=== Section Start ===

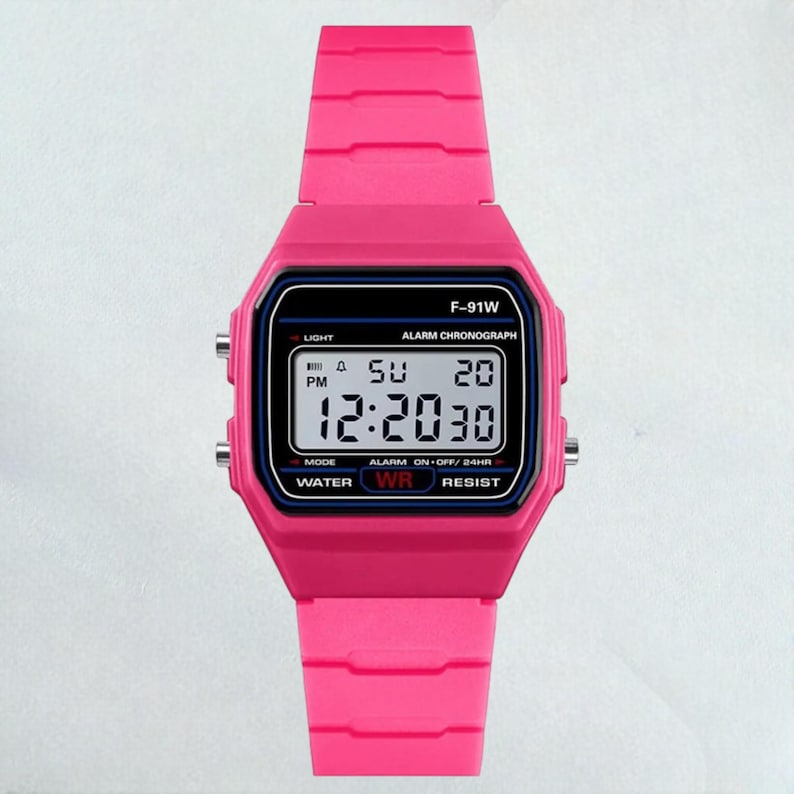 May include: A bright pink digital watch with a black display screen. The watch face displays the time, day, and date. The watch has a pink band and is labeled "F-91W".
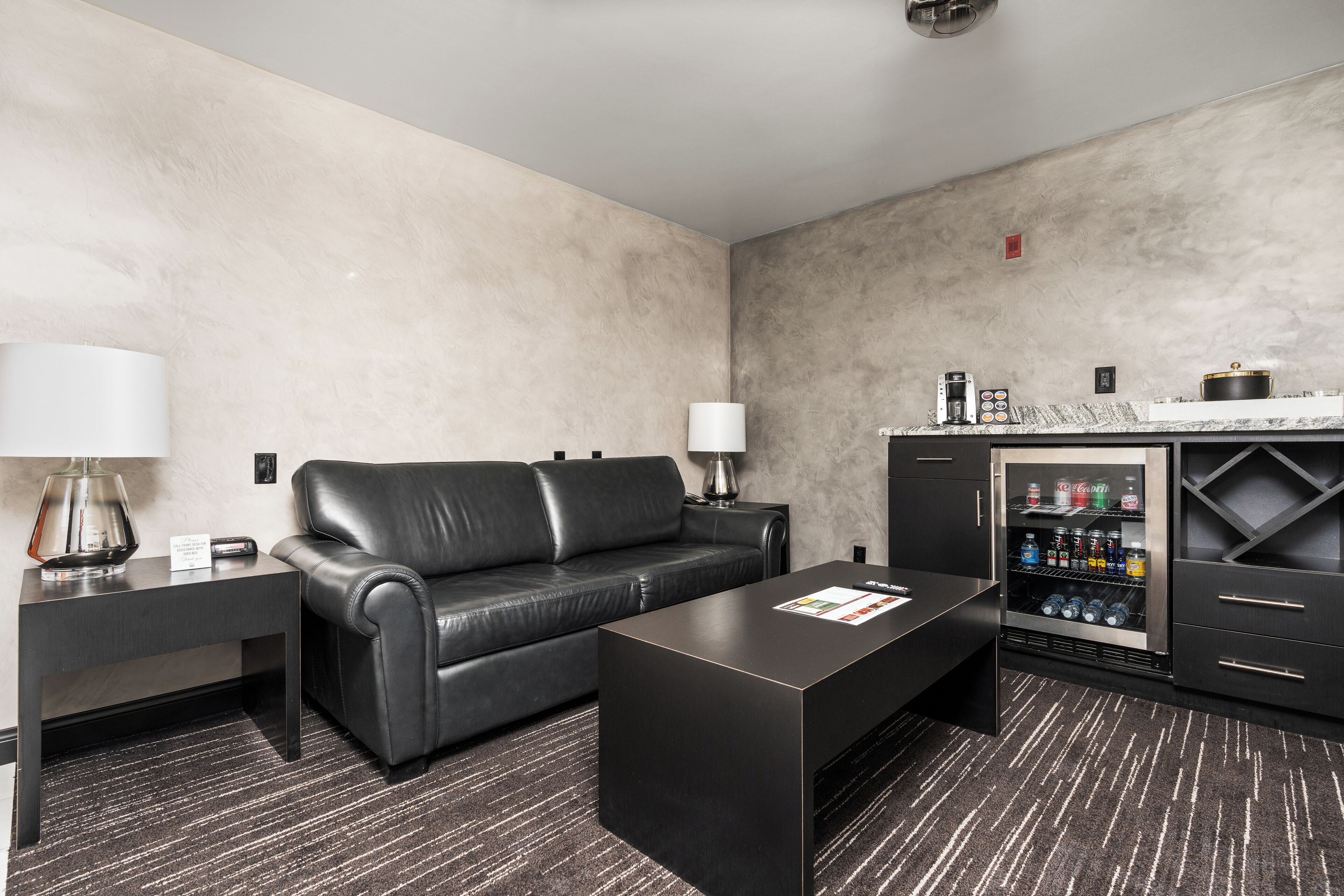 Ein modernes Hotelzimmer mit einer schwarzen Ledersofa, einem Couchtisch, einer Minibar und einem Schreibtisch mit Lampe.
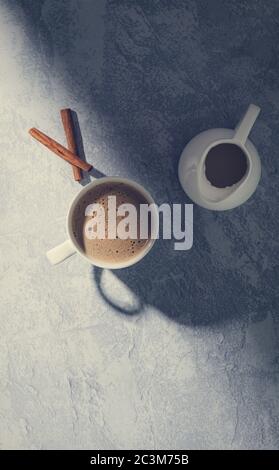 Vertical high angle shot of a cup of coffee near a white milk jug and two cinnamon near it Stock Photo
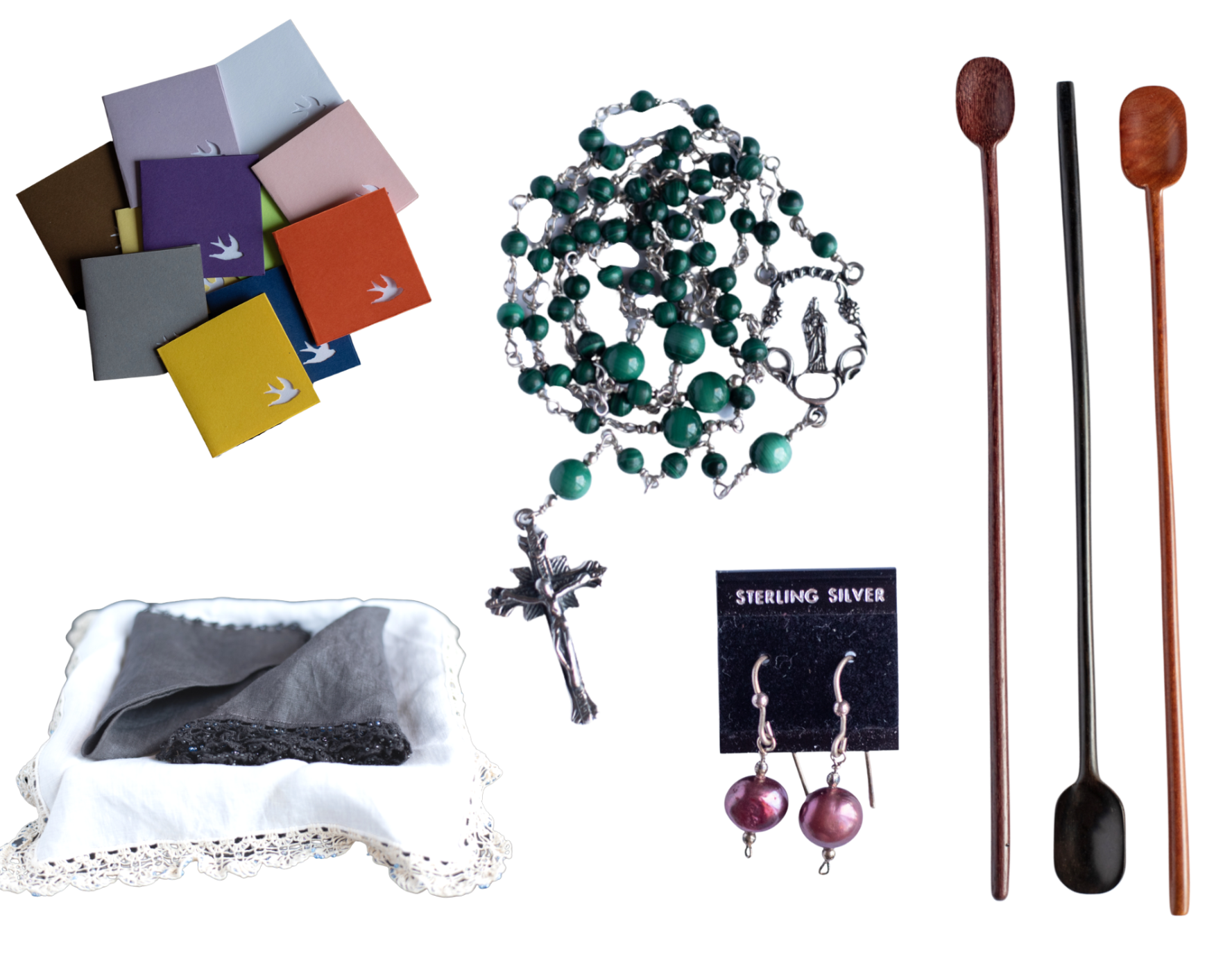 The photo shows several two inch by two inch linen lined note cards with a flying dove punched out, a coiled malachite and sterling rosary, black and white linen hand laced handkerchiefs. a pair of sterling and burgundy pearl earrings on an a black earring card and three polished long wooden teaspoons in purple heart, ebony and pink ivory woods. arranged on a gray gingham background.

=== Section End ===
=== Section Start ===

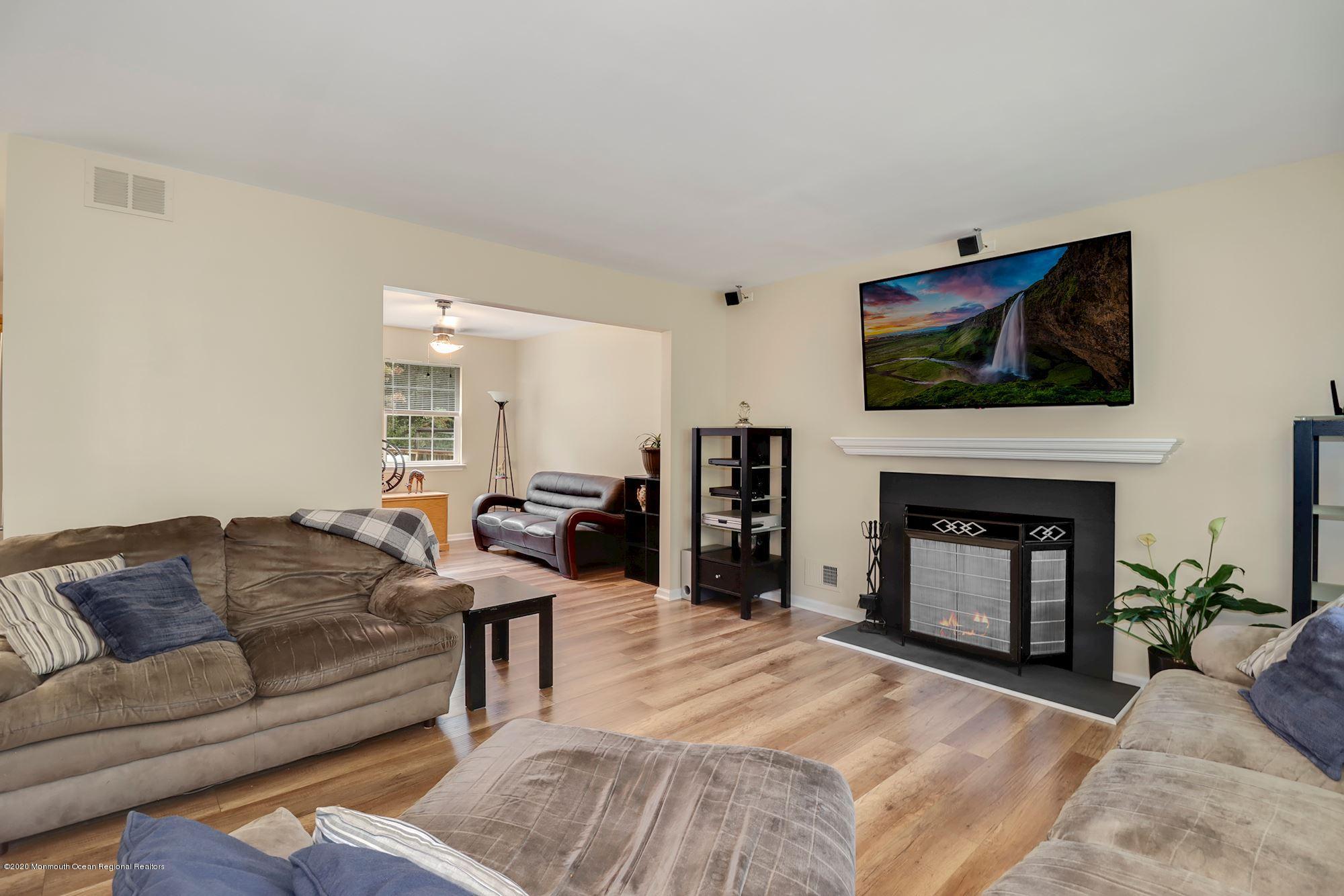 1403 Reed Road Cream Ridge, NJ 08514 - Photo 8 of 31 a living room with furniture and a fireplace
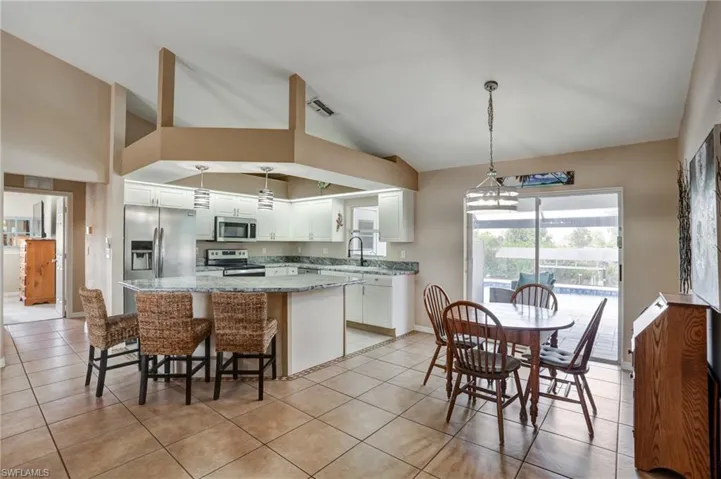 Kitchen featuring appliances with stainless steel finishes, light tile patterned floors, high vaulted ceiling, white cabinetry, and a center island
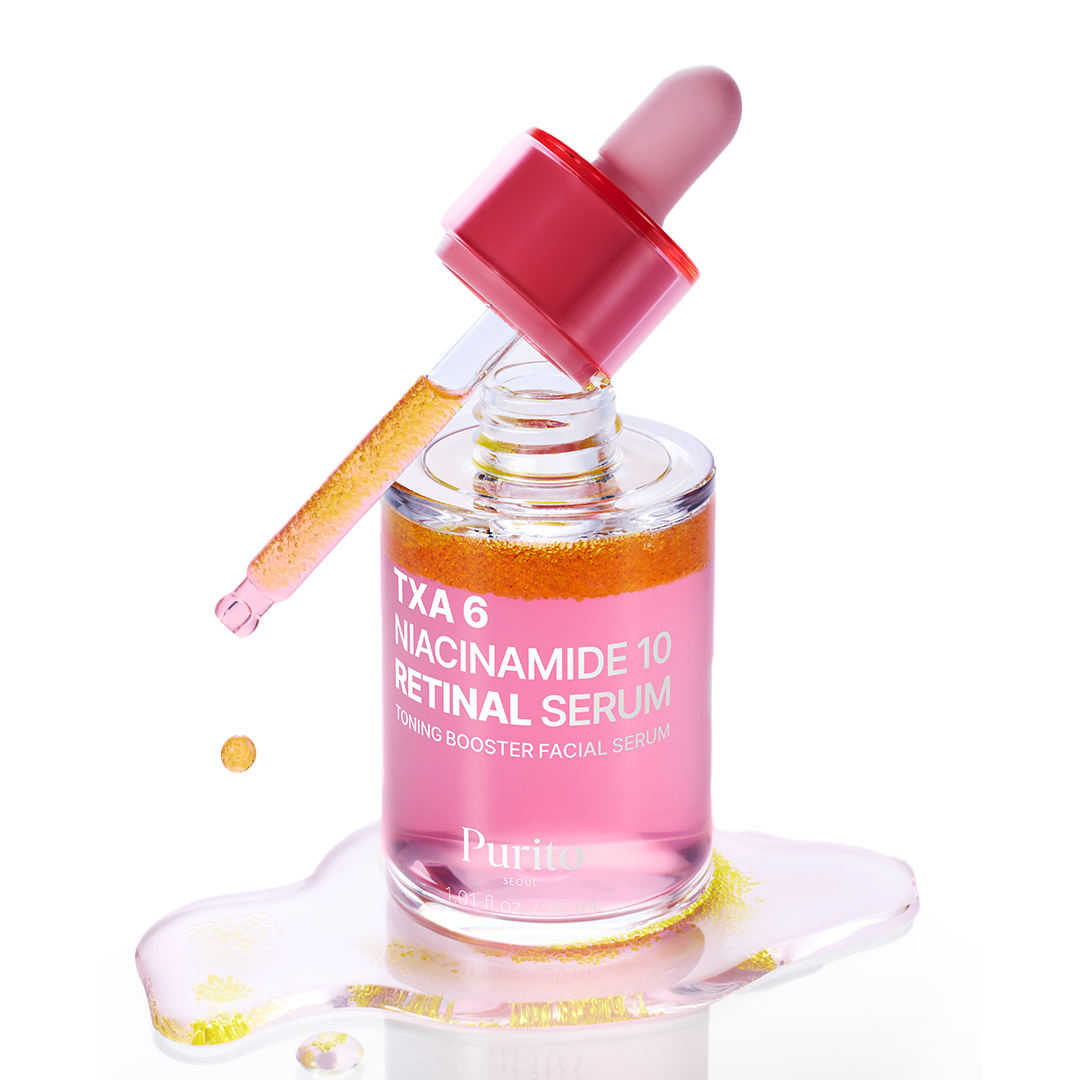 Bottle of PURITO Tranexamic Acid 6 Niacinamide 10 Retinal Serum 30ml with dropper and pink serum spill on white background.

=== Section End ===
=== Section Start ===

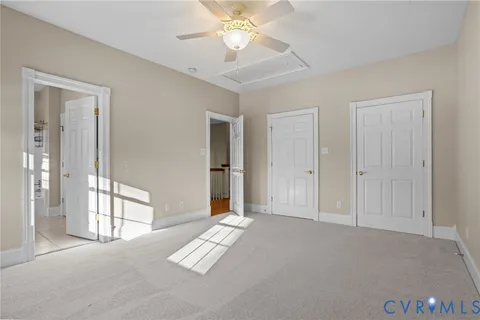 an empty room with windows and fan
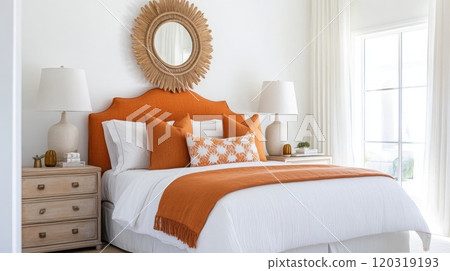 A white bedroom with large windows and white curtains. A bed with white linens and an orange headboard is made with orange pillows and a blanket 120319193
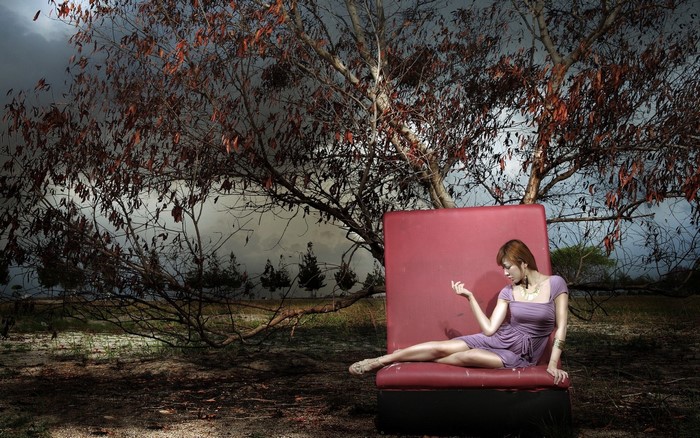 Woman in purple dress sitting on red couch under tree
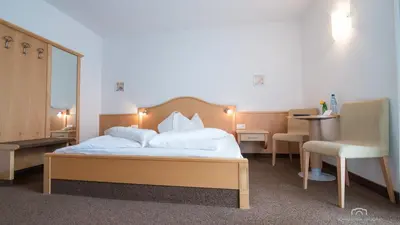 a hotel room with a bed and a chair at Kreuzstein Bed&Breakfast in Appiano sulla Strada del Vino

=== Section End ===

WHAT YOU WILL DO.
Pictures aside, print exactly the lines above starting with the one containing "Woman in purple" and going on through the one containing "a hotel room".

OUTPUT OF THE TASK.
 Woman in purple dress sitting on red couch under tree
 a hotel room with a bed and a chair at Kreuzstein Bed&Breakfast in Appiano sulla Strada del Vino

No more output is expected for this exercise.